Also for some reason is gives me the same error in the end:

... f.close()
  File "<stdin>", line 3
    f.close()
    ^
SyntaxError: invalid syntax

RE: Looping with Beautifulsoup - snippsat - Jan-23-2019

You also have a line that's 557 character long Hand

Instead of using like like 20 find_next('td'),can go straight to a value with CSS Selectors.
BS support this trough select() and select_one().
Example:

from bs4 import BeautifulSoup
import requests

url = 'https://www.londonstockexchange.com/exchange/prices-and-markets/stocks/summary/company-summary/GB00BH4HKS39GBGBXSET1.html?lang=en'
url_get = requests.get(url)
soup = BeautifulSoup(url_get.content, 'lxml')
print(soup.select('div.commonTable.table-responsive table > tbody > tr:nth-of-type(4) > td:nth-of-type(2)')[0].text)

Output:
148.80

You can get selector bye right click copy --> copy selector in browser.
Also nth-child(4) that comes from browser copy,has to be renamed nth-of-type(4) in BS.

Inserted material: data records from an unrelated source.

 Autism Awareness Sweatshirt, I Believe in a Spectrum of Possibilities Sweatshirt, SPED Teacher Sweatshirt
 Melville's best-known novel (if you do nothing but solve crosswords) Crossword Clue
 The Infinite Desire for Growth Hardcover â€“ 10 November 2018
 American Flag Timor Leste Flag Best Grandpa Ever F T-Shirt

RE: Looping with Beautifulsoup - buran - Jan-23-2019

please read https://python-forum.io/Thread-How-to-Execute-python-code
It looks like you are confusing how to run your code. the second snippet (so called error) is executed in python interactive mode.
You must save the first block as py file then run ot.
As to the last snipped/error - > there is missing closing parenthesis at the end of the previous line (#26)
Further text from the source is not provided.